# [Directions for this task]
Copy each entry verbatim, excluding its images.

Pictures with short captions

━━━━━━━━━━━━━━━━

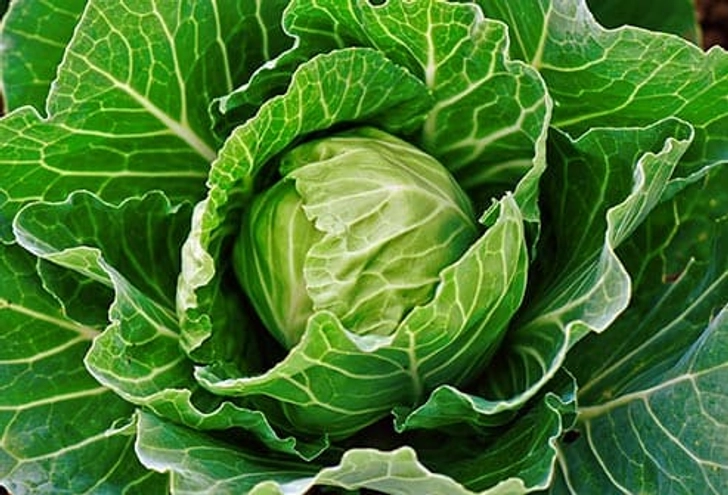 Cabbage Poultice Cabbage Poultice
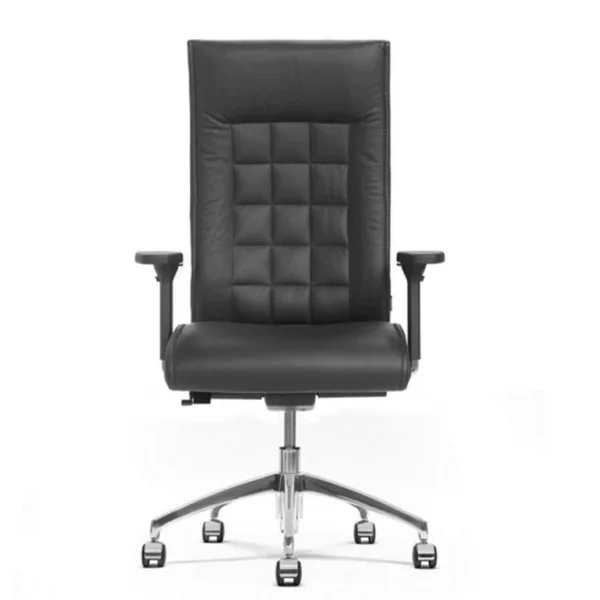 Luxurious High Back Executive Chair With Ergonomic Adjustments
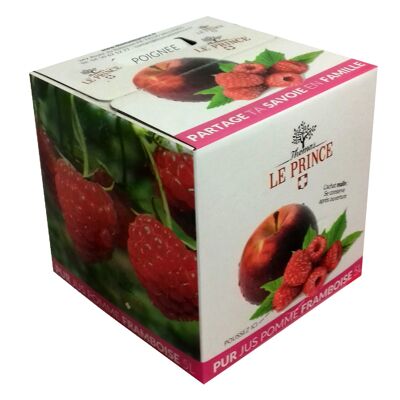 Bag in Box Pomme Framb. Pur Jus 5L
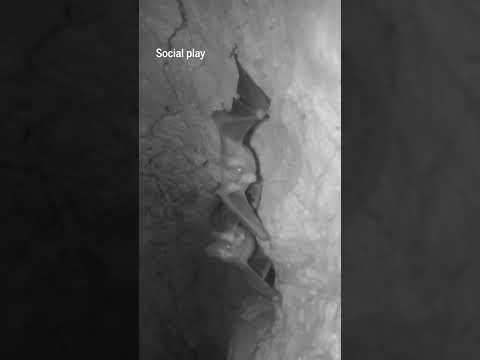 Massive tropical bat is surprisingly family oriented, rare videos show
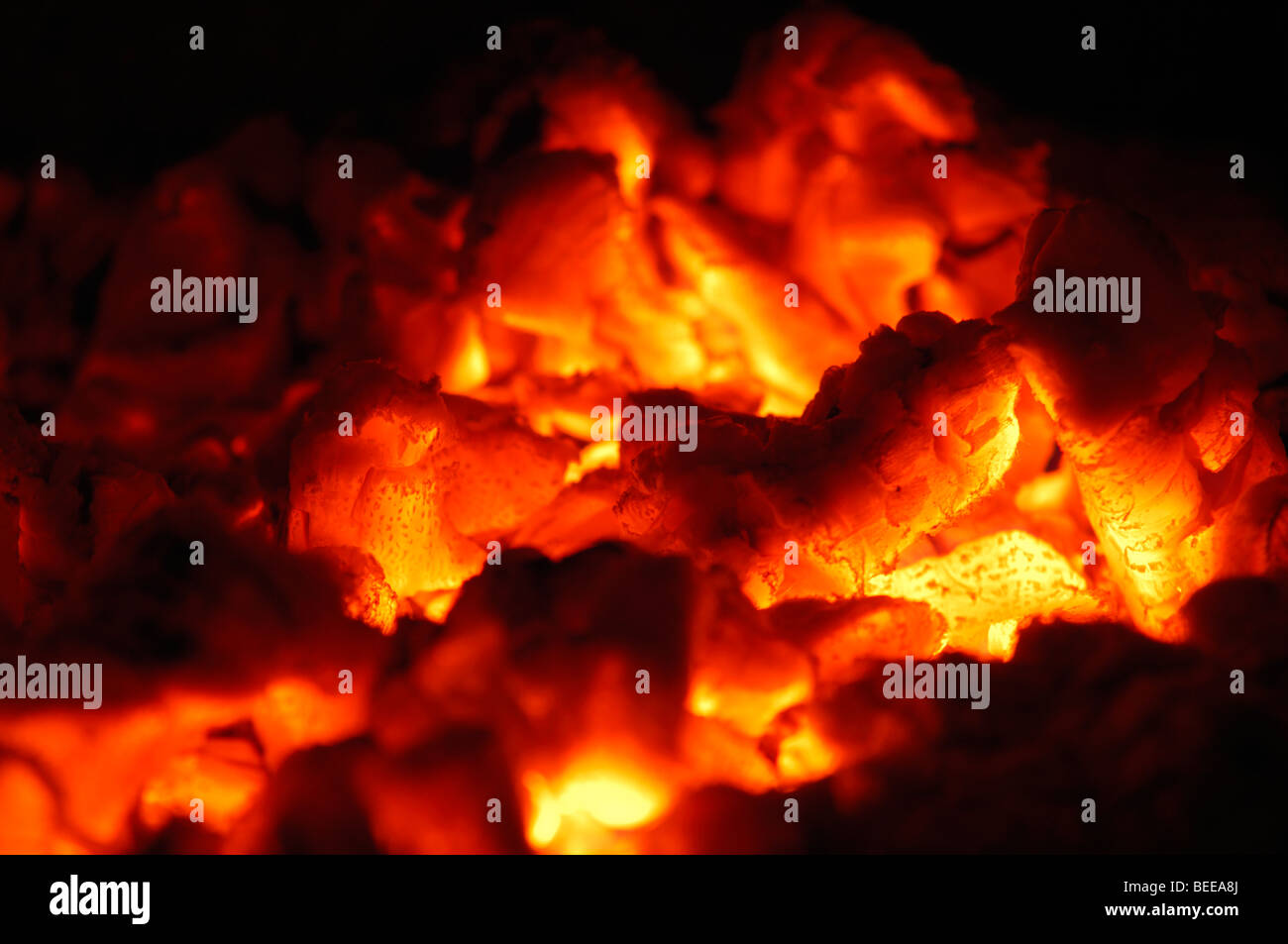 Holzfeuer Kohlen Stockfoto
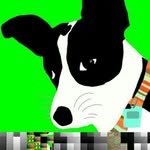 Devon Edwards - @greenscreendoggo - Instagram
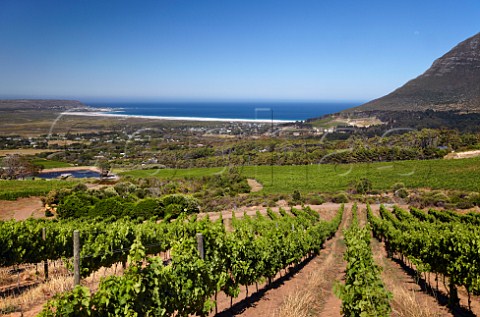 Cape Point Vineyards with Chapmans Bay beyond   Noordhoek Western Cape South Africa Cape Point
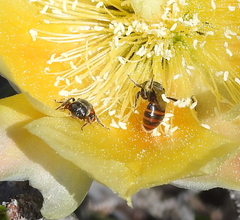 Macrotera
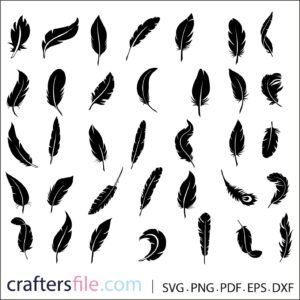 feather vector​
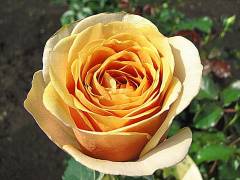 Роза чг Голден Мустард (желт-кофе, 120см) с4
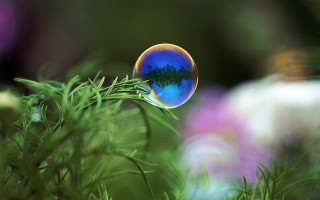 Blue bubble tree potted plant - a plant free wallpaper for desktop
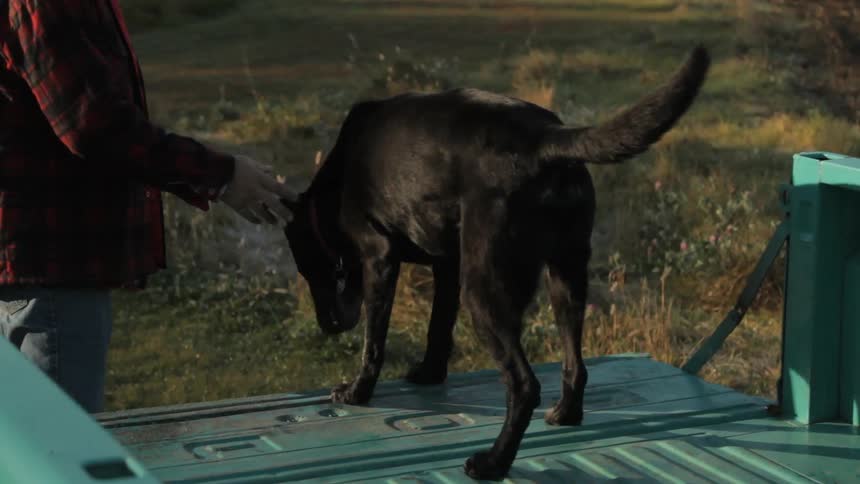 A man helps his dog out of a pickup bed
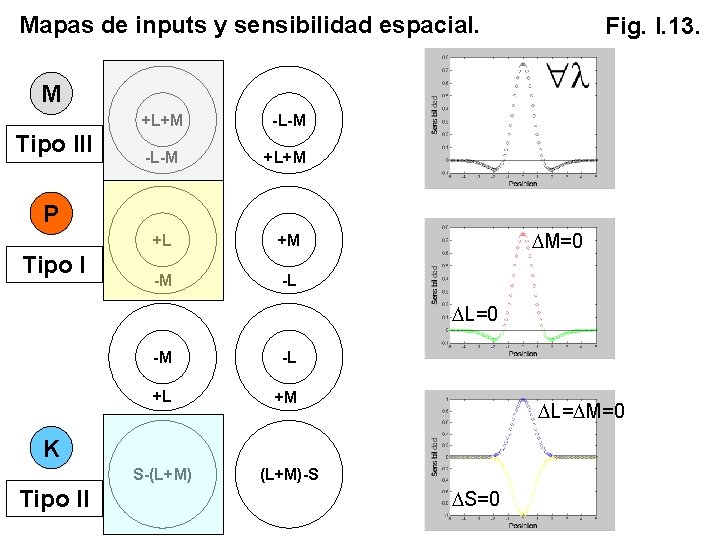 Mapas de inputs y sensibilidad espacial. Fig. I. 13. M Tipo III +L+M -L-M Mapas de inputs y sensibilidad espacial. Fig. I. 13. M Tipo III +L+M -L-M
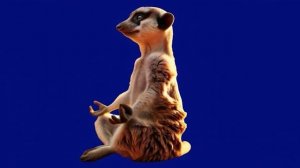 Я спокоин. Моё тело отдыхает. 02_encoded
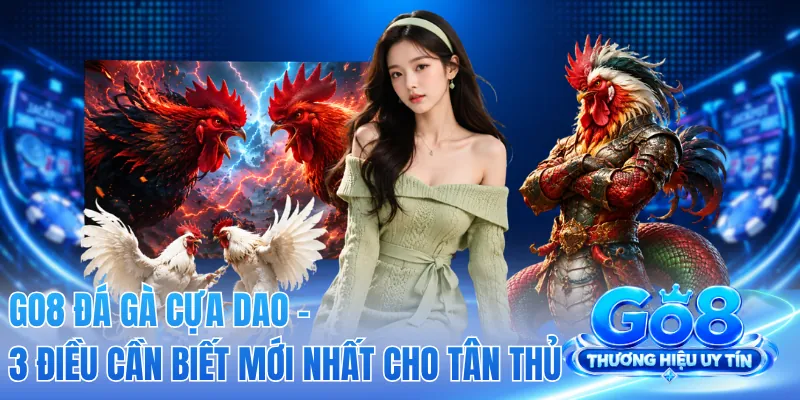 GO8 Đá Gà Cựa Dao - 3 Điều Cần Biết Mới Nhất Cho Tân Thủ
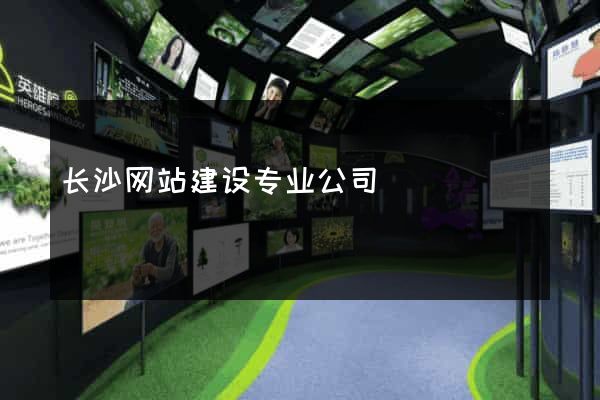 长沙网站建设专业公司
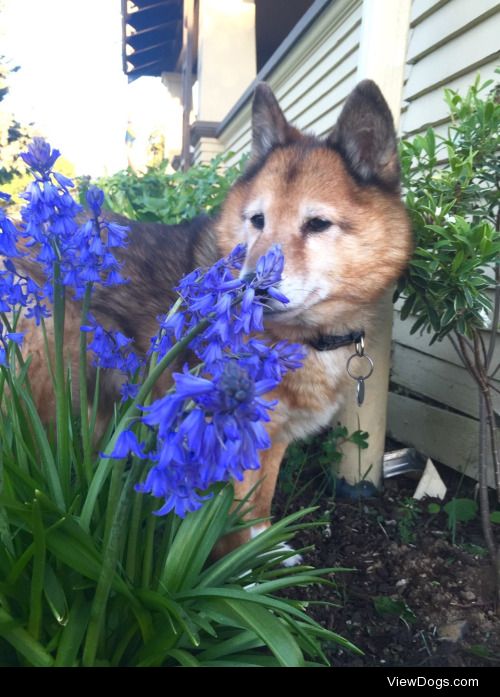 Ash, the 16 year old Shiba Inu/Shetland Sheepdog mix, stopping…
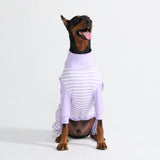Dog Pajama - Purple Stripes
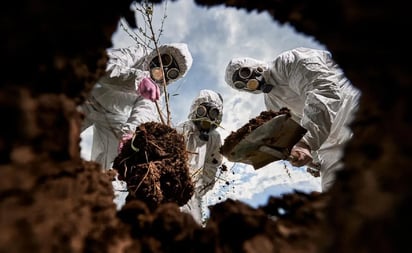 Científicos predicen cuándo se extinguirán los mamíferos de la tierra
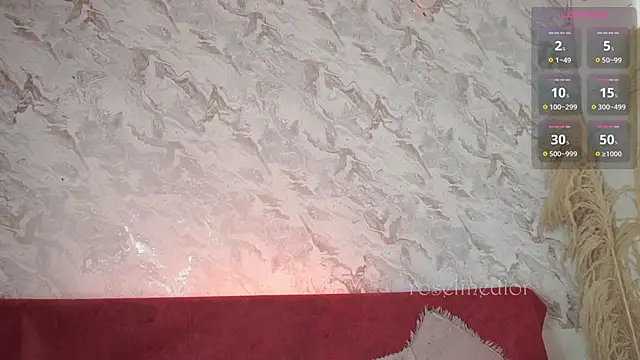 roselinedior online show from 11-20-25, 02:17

━━━━━━━━━━━━━━━━

# [Expected answer]
 Cabbage Poultice Cabbage Poultice
 Luxurious High Back Executive Chair With Ergonomic Adjustments
 Bag in Box Pomme Framb. Pur Jus 5L
 Massive tropical bat is surprisingly family oriented, rare videos show
 Holzfeuer Kohlen Stockfoto
 Devon Edwards - @greenscreendoggo - Instagram
 Cape Point Vineyards with Chapmans Bay beyond   Noordhoek Western Cape South Africa Cape Point
 Macrotera
 feather vector​
 Роза чг Голден Мустард (желт-кофе, 120см) с4
 Blue bubble tree potted plant - a plant free wallpaper for desktop
 A man helps his dog out of a pickup bed
 Mapas de inputs y sensibilidad espacial. Fig. I. 13. M Tipo III +L+M -L-M Mapas de inputs y sensibilidad espacial. Fig. I. 13. M Tipo III +L+M -L-M
 Я спокоин. Моё тело отдыхает. 02_encoded
 GO8 Đá Gà Cựa Dao - 3 Điều Cần Biết Mới Nhất Cho Tân Thủ
 长沙网站建设专业公司
 Ash, the 16 year old Shiba Inu/Shetland Sheepdog mix, stopping…
Dog Pajama - Purple Stripes
 Científicos predicen cuándo se extinguirán los mamíferos de la tierra
 roselinedior online show from 11-20-25, 02:17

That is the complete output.